Kola averted his eyes. That angered Jeremiah all the more. “What the hell’s wrong now? You don’t believe me either?”
“I want to believe you with the fullness of my heart, so you will be free of the hurt those kil—the past has brought you. But—”
“Come on. Say it!”
Kola swallowed, then whispered, “In the dream I also heard a voice.”
Jeremiah’s spine twitched. “One of the holy voices?”
“Yes, wakan, holy. When I woke, I was very careful to recall everything it said.” Kola’s eyes focused on the dark beyond the fire and his voice took on a singsong quality. “It said to me, once you take up the guns again, you will never put them down. There will be no end to the killing. The guns will bring great luster to your name for a while, but then it will vanish as swiftly as the light of a winter afternoon. Finally the power of the guns will fade and you will be killed by”—bleak eyes found Jeremiah’s—“one of your own.”
“One of—” He gaped, torn between fright and an urge to guffaw. “You mean, my family?”
Kola’s tone was normal again. “I suppose. I only heard the voice say exactly what I told you. There is no more.”
Jeremiah wiped his perspiring forehead. “That’s the most ridiculous thing I’ve ever heard. ’Specially the last part. It couldn’t happen! My mother’s gone and the rest of my family think I’m dead. The only person who knows Jeremiah Kent is still alive is my father’s friend Boyle, the Irishman we ran into at the railhead in sixty-six. But he swore never to say a word about meeting me.
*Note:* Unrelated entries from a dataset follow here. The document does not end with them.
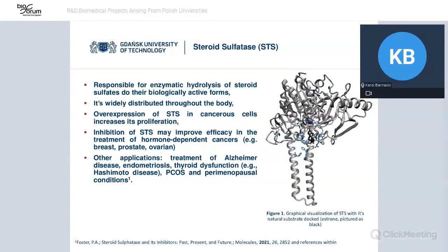Furthermore, recently it has been emphasized that inhibition of STS may also find application in the treatment of, for example, Alzheimer's disease, endometriosis, thyroid dysfunction such as Hashimoto's condition, PCOS — which means polycystic ovarian syndrome — as well as premenopausal conditions.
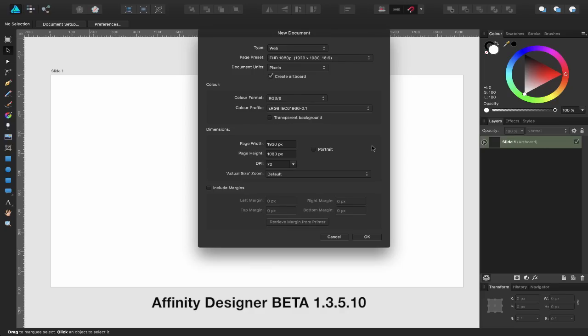Hi, my name's Alan and welcome to another episode of Affinity TV. Today we're going to be looking at Affinity Designer and using the artboard tool within the application to create some slides for Apple's Keynote and create a simple animation.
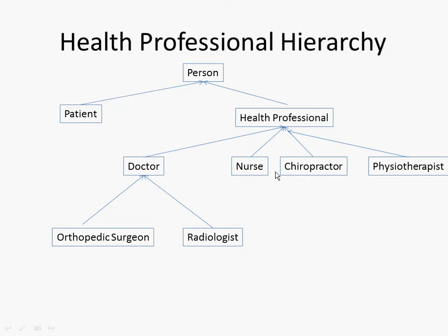We have hierarchies of specialization. So we have a person, and a person can be a patient or they can be a health professional, and a health professional can be a doctor or a nurse or a chiropractor or a physiotherapist. And a doctor can be an orthopedic surgeon or radiologist or can be a pulmonologist or can be an internist, any number of different things.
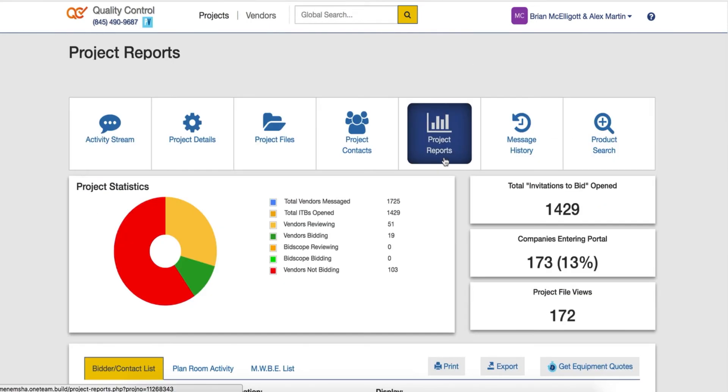The combination of your project reporting and your activity stream communication will help you to improve poor communication that is typical of the bidding process.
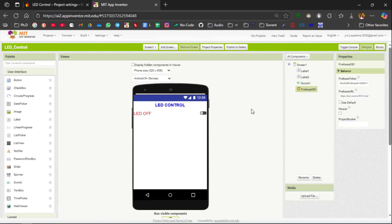Then delete everything present inside the Project Bucket. So with this setup we have completed the user interface screen and the Firebase Authentication methods and the real time database URL is all set. Now we can move to the block section.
I couldn’t stand to have my father or brothers know the things I’ve—well, I don’t plan to look any of them up. Ever! So it couldn’t happen.”
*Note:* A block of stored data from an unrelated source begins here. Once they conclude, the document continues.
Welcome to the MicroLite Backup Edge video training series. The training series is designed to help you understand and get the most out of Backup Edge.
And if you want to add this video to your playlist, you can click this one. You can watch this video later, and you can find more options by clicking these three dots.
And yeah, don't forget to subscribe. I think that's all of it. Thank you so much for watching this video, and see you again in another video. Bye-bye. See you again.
Kola ran a finger through the dirt beside the fire. “I hope that is true. I cannot say whether it is. Nothing was explained to me in the vision.”
“Then it’s a stupid vision! You hear? Stupid!”
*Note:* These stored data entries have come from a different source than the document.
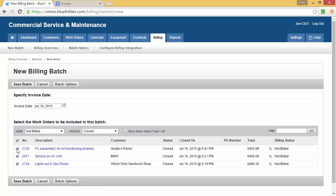This is useful when you have customers who are very specific on how they'd like to be billed. Maybe some of your customers want one invoice for all their work orders where other customers want a single invoice per work order. By allowing you to specify which work orders you want in this batch allows you to accommodate your customer needs. Once you've selected the work orders you'd like in this batch, simply click Save Batch.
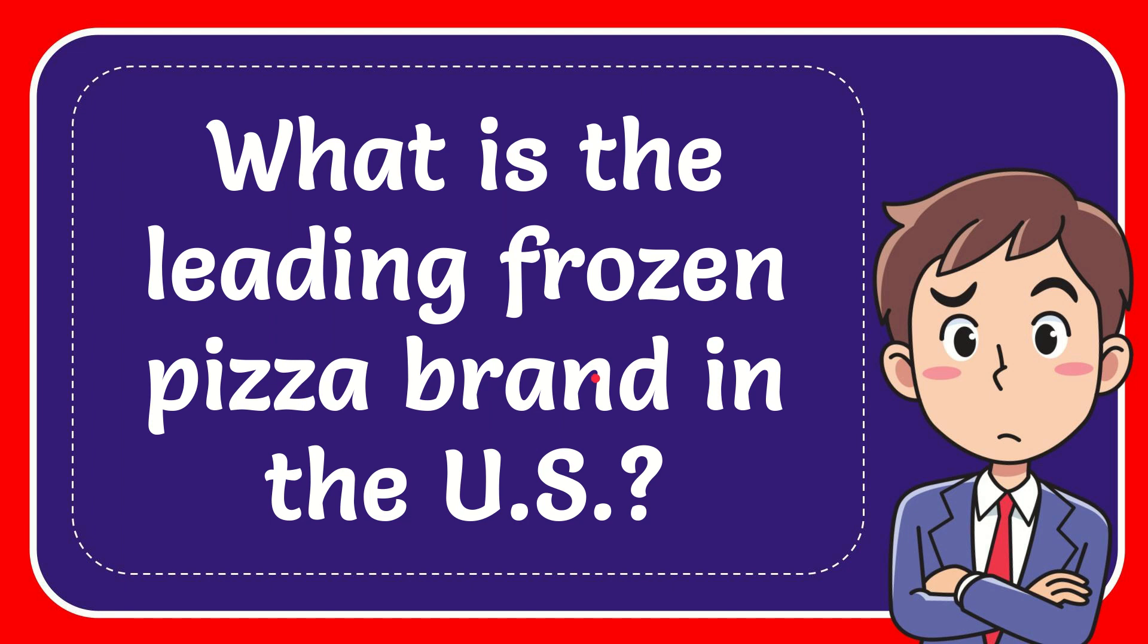In this video, I'm going to give you the answer for this question: What is the leading frozen pizza brand in the U.S.?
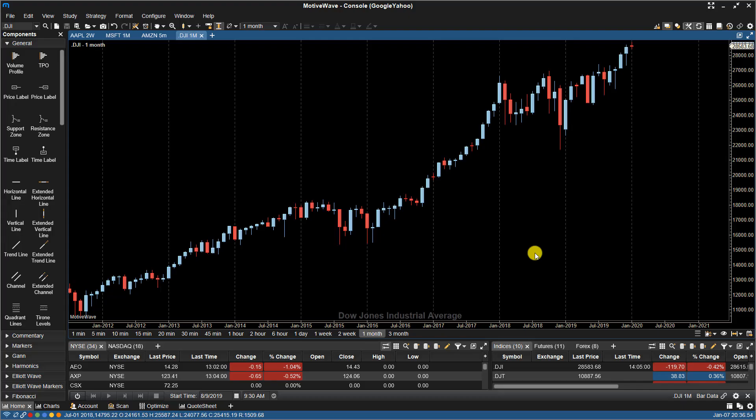In this video, we'll look at how to use the AutoWave tool. The AutoWave tool will fill in Elliott Wave counts automatically based on a selected area of a chart. You can use this tool as a starting point for your own analysis to speed up the placing of counts.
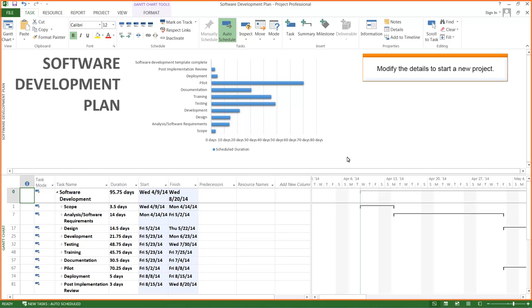The entire project plan for Software Development Plan is created. You can modify these details to start a new project.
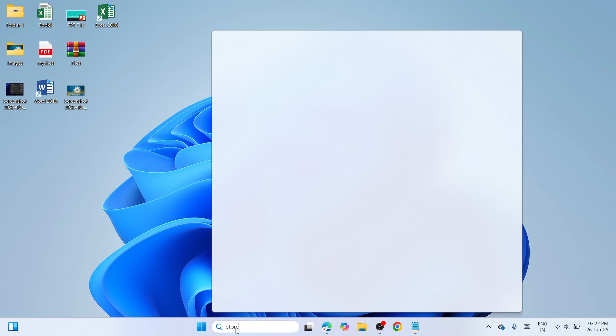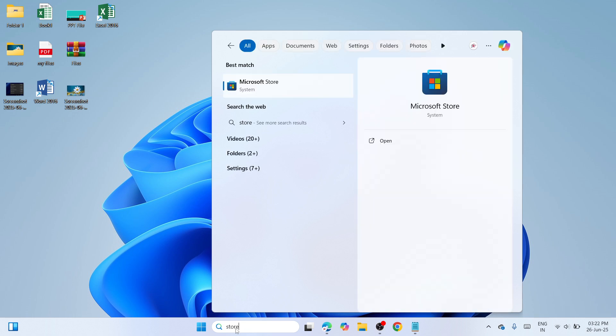Once done, wait until you see Microsoft Store under the best match. Once it's here, right-click on it and then click on App Settings.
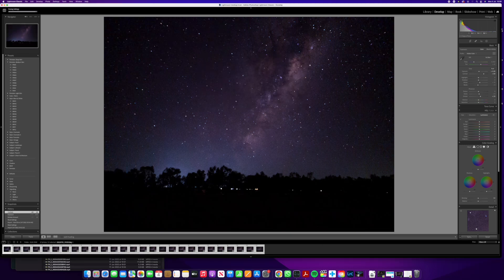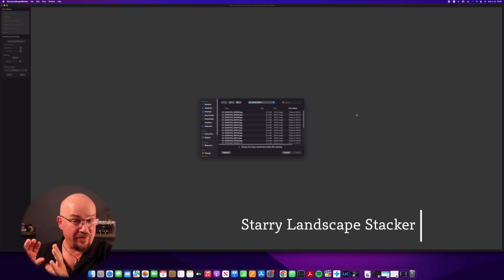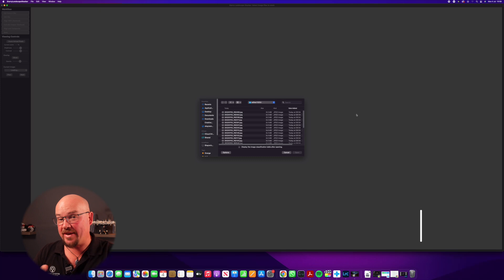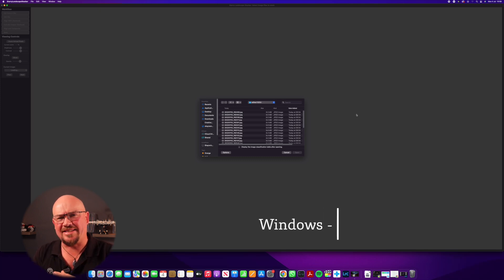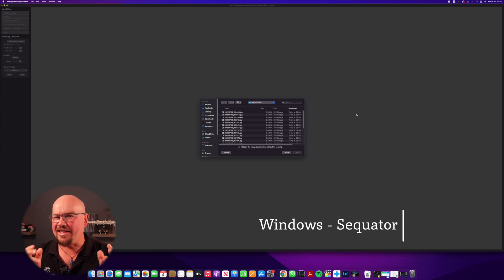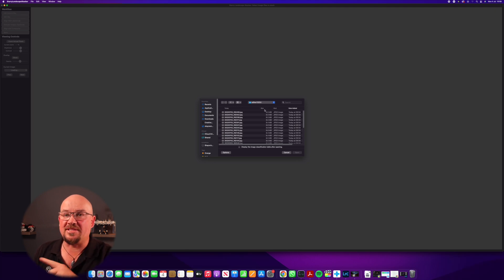I'll highlight all these photos, synchronize the settings — it'll go through and apply the same settings to all photos. Then I'll export these into a folder and bring them into our stacking program. The program we're going to use is Starry Landscape Stacker, which is a really good stacking app for macOS. If you're a Windows user, you can use Sequitur — I'll link it in the description — it does basically the same thing.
The strident, fever-dry voice
hurt the Sioux, who stared down at the cracked toes of his boots.
Jeremiah’s exertions had cost him too much energy. He fell back, dizzy and breathing hard. His voice took on a rambling, sleepy quality.
“I’m through with the guns. People hunt you, put your name up on posters. You’ve seen those, Kola. I’m all through with that kind of life. It”—he coughed—“it costs too much.”
And yet, a taunting inner voice persisted, there is that indescribable moment when the hand is fused to the gun and the gun becomes part of you, when the bowel-loosening fright spreads in the eyes of the one facing the gun and you feel so powerful—
“No,” he said, “I’m through.”
Motionless, Kola contemplated the fire.
Jeremiah’s eyes closed. He welcomed the fluffy black of fever-induced drowsiness. It saved him from thinking about his friend’s words. He was set on a different course, for good. No matter how poor the season or how meager the profits at the end of it, hunting buffalo was preferable to running and wondering who was pursuing.
“Dream,” he mumbled, slipping into unconsciousness. “Dream—was wrong.”
He didn’t slip away fast enough. He heard Kola whisper with unmistakable doubt, “Perhaps. Perhaps.”
ii
In another twenty-four hours, the fever still lay on him. Kola woke him gently. A red sunset light was spearing down, fragmenting in the shade of the grove.
Touching his shoulder, Kola said, “This has lasted too long. You cannot eat, everything comes up. I cannot help you. I must find someone who can.”
So dizzy he could barely fight his eyes open, Jeremiah said, “No, that’s not safe.”
Kola acted as if he hadn’t heard. “There is a town nearby. I will find a man who practices white medicine and bring him.”
At that moment Jeremiah felt a surge of emotion—love or something very close to it. He was startled to find he was still capable of feeling affection of the kind he’d once felt for his older brothers. Kola was risking much on his behalf. The other man well knew the dangers of riding into a white settlement, one scruffy Indian in white man’s clothing. It was especially dangerous in this part of Kansas, which had been plagued by raiding Cheyenne and Arapahoe and Kiowa the preceding year.